The prevalence of nonalcoholic fatty liver disease (NAFLD) has increased rapidly, making it the most common cause of chronic liver disease in the developed world (1,2). The pathogenic mechanism underlying NAFLD and its progression are not entirely understood. Accumulation of fat is an essential condition in the development of NAFLD (3), based on which hepatocyte oxidative stress starts causing injury to the liver, which accelerates the progression of NAFLD to more severe stages (4), such as non-alcoholic steatosis hepatitis, nonalcoholic fatty liver-related cirrhosis, and nonalcoholic fatty liver-related cancer (5). Oxidative stress (OS) is a condition of imbalance between the antioxidant defense mechanisms and the production of free radicals, which favors the latter, leading to potential damage (6). OS is one of the major contributors to the pathogenesis of NAFLD (7). Increased accumulation of liver TGs may cause increased OS in the hepatocytes of animals and humans (8).
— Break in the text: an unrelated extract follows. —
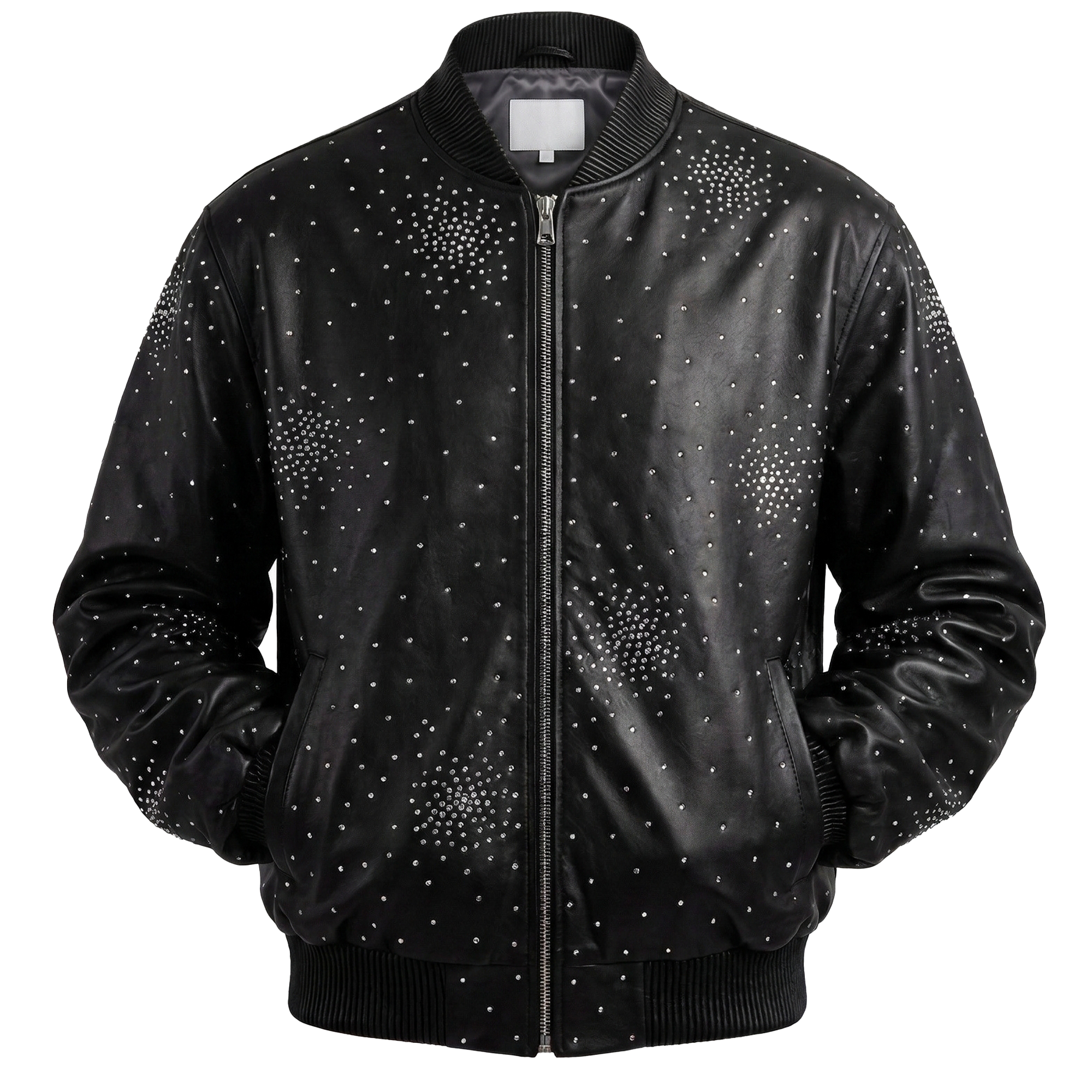 Kashani Black Studded Lambskin Leather Bomber Jacket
Many experimental models (9) and human studies (1012) have shown a strong relationship between the severity of NAFLD and the degree of OS.

UA is a powerful scavenger of free radicals and was found to be able to scavenge 60% of free radicals in plasma (13). However, it is possible that an increase in circulating levels of UA represents an adaptive response to protect against the detrimental effects of excessive free radicals and OS. But we hardly to see the studies UA could protect cells in related diseases as an antioxidant. Although the antioxidant effect of UA suggests that it would have therapeutic effects, a high serum UA concentration is associated with obesity and NAFLD (14,15), and, some possible mechanisms had been presented. In recent study, UA could protect brain health as an antioxidant, especially the level in acute raising (16), so we guess that the same effect may occur in the liver. If the assumption is true, the researches of UA in NAFLD would make a change, the mechanism would more complex in human body.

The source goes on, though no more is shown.